#### [LISTED RECORDS]
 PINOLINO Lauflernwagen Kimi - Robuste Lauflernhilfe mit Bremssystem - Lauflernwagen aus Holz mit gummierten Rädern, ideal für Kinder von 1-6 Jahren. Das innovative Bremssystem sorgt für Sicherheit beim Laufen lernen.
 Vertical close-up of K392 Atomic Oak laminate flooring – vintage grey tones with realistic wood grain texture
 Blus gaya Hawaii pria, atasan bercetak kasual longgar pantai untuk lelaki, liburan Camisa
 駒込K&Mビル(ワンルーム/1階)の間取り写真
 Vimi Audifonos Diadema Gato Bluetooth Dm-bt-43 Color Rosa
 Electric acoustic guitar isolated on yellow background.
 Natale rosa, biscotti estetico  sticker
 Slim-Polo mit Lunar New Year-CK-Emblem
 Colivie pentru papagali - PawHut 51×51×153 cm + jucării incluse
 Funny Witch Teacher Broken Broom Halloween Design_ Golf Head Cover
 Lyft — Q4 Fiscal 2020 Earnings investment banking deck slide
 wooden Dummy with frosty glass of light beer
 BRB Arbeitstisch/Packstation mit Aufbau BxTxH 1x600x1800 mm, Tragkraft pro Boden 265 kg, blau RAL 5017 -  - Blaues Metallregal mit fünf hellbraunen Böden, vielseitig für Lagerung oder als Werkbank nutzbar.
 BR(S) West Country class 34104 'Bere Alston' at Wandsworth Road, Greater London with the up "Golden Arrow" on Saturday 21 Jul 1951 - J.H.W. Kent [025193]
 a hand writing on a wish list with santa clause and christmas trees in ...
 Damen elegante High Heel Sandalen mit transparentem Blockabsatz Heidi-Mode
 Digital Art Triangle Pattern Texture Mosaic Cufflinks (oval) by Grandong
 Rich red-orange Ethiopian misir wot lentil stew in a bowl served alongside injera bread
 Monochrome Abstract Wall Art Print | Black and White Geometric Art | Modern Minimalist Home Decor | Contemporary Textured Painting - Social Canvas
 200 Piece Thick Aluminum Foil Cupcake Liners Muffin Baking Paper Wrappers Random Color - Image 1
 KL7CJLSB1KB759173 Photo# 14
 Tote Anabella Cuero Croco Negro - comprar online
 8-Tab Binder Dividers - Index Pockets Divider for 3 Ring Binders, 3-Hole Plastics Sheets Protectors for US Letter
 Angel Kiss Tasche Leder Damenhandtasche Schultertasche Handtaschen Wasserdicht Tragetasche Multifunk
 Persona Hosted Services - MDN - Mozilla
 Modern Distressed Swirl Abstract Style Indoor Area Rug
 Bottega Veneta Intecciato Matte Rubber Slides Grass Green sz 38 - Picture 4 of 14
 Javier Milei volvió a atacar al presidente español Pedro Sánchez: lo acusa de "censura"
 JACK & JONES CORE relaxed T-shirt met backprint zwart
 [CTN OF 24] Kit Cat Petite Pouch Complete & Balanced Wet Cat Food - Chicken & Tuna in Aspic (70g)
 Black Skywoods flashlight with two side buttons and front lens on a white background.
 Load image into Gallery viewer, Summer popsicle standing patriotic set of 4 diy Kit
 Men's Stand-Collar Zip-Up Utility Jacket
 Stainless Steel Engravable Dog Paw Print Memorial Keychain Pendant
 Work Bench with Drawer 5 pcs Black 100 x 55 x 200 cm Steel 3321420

#### [EXERCISE DESCRIPTION]
Nothing but the lines from the one containing "Persona Hosted Services - MDN - Mozilla" to the end of the entries belongs in the answer, and each must match exactly.

#### [PROBLEM SOLUTION]
 Persona Hosted Services - MDN - Mozilla
 Modern Distressed Swirl Abstract Style Indoor Area Rug
 Bottega Veneta Intecciato Matte Rubber Slides Grass Green sz 38 - Picture 4 of 14
 Javier Milei volvió a atacar al presidente español Pedro Sánchez: lo acusa de "censura"
 JACK & JONES CORE relaxed T-shirt met backprint zwart
 [CTN OF 24] Kit Cat Petite Pouch Complete & Balanced Wet Cat Food - Chicken & Tuna in Aspic (70g)
 Black Skywoods flashlight with two side buttons and front lens on a white background.
 Load image into Gallery viewer, Summer popsicle standing patriotic set of 4 diy Kit
 Men's Stand-Collar Zip-Up Utility Jacket
 Stainless Steel Engravable Dog Paw Print Memorial Keychain Pendant
 Work Bench with Drawer 5 pcs Black 100 x 55 x 200 cm Steel 3321420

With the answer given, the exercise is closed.